Under the new collection system, if riders buy their tickets at a ticket booth or machine before getting on the train, they'll pay $3 less than if they buy them on board.
But, for Gloucester and Rockport riders, said Rockport resident and regular commuter June Hayes, that's a problem. Neither those stations nor those in West Gloucester or Manchester have ticket booths or machines. So, unless commuters have a pass, she said, they'll pay the full price and have no chance to utilize the MBTA's advance ticket deal.
"I don't know how they can charge more money to buy something (in advance) at a location where you can't buy it," Hayes said.
Hayes, who works at Fidelity Investments in Boston and commutes in daily, said there aren't ticket machines or booths at any station on the Rockport line, except in Lynn and at Boston's North Station.
The change, she said, will hurt people who use the train regularly, without a pass, and tourists who wouldn't purchase a pass just to come to and from Gloucester for a weekend.

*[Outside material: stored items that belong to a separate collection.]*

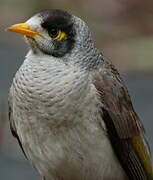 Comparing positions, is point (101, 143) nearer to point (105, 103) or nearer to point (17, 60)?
point (105, 103)

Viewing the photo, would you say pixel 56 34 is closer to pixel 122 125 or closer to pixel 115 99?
pixel 115 99

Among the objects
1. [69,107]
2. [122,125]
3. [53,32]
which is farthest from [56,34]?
[122,125]

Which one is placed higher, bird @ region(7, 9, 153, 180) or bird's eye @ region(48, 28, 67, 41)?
bird's eye @ region(48, 28, 67, 41)

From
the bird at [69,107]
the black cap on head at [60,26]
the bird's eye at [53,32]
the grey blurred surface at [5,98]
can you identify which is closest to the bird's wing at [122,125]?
the bird at [69,107]

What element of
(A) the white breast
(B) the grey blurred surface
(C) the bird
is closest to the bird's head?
(C) the bird

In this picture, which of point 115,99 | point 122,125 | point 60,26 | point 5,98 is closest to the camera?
point 60,26

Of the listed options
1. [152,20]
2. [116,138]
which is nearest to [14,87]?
[116,138]

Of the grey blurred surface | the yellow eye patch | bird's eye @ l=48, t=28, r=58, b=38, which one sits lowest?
the grey blurred surface

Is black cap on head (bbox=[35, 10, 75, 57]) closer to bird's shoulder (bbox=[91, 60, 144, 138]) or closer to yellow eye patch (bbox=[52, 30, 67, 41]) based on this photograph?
yellow eye patch (bbox=[52, 30, 67, 41]) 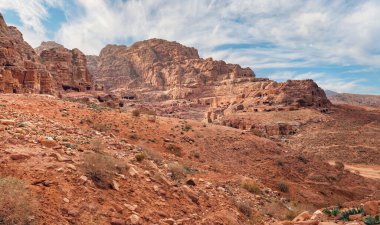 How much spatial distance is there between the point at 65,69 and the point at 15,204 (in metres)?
57.2

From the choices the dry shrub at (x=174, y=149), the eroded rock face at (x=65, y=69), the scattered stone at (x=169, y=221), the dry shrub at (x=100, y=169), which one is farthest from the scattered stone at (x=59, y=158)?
the eroded rock face at (x=65, y=69)

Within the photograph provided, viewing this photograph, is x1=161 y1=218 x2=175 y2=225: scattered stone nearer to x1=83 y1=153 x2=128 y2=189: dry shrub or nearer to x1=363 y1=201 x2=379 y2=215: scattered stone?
x1=83 y1=153 x2=128 y2=189: dry shrub

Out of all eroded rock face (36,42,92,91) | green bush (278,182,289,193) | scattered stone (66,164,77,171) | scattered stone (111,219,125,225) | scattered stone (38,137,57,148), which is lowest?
green bush (278,182,289,193)

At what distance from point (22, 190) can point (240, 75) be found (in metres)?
113

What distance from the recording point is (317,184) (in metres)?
17.6

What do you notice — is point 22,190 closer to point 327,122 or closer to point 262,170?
point 262,170

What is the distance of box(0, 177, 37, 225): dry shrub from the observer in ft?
14.2

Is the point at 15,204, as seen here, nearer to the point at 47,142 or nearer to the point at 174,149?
the point at 47,142

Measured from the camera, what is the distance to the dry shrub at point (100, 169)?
652 cm

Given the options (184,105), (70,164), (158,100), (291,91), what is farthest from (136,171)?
(158,100)

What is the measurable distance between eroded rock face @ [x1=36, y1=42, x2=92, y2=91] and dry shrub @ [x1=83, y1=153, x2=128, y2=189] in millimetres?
51207

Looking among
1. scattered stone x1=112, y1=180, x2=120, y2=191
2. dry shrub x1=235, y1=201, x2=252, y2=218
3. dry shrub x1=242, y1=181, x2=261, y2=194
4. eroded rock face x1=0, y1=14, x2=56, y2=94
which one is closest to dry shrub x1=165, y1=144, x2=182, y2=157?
dry shrub x1=242, y1=181, x2=261, y2=194

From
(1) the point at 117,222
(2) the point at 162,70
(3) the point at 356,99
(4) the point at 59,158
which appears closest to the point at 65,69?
(4) the point at 59,158

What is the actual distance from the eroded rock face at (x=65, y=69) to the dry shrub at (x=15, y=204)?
52976 millimetres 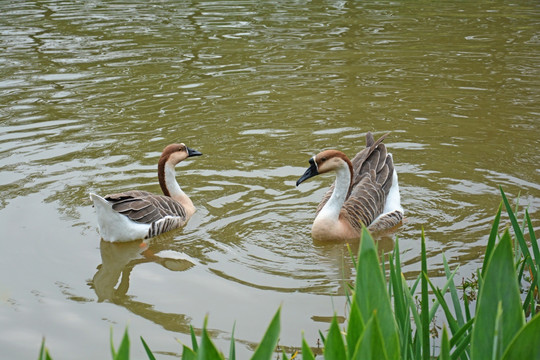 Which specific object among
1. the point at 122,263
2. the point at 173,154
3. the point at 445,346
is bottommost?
the point at 122,263

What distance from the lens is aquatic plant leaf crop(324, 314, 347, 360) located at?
2052mm

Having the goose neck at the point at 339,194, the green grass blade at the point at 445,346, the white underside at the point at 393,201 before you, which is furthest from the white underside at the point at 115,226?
the green grass blade at the point at 445,346

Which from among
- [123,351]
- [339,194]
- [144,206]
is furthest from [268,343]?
[144,206]

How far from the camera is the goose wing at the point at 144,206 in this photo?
7.39 meters

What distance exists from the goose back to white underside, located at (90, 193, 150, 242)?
192cm

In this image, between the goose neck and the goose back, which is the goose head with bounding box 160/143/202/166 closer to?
the goose back

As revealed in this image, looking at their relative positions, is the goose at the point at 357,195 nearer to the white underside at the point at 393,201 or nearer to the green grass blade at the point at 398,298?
the white underside at the point at 393,201

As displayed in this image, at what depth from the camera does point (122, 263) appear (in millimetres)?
7215

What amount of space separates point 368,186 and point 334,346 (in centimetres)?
617

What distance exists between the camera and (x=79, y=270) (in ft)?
22.5

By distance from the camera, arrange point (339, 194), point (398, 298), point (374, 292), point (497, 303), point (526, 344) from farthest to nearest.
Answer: point (339, 194)
point (398, 298)
point (374, 292)
point (497, 303)
point (526, 344)

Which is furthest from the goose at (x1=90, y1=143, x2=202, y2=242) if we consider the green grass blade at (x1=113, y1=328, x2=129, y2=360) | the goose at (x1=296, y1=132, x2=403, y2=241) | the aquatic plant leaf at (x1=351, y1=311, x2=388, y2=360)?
the aquatic plant leaf at (x1=351, y1=311, x2=388, y2=360)

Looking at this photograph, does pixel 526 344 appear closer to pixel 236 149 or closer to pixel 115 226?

"For those who do not purchase in advance, online, or via mobile ticketing this fall, they will be charged the on-board fare," MBTA spokesman Joe Pesaturo confirmed Tuesday.
The MBTA will raise fares by 23 percent on July 1, and plans to implement a smart phone-based payment system in the fall that would allow riders to pay in advance. That program, said Pesaturo, allows customers to purchase the fares at a discounted rate.
According to an email from Pesaturo, the new fare structure will make it easier for people to get on and off trains. Conductors on board, he said, are spending too much time handling a growing number of cash transactions. Those transaction take time away from checking passes and closing doors, he said.
The MBTA will list both prices on schedules, said Pesaturo.
"Because we do not have ticket vending machines at every location, we have chosen to retain a cash option for our customers," Pesaturo said. "Some transit agencies do not allow any cash transactions on board, reducing their administrative costs."
But effectively placing a surcharge on cash transactions, said Hayes, hurts people on fixed incomes who travel into Boston, and don't pick up a pass. She said she's not against the tiered system, but Gloucester and Rockport riders will be hard-pressed to take advantage of it.
"There isn't (a machine) here and there probably won't be one," she said.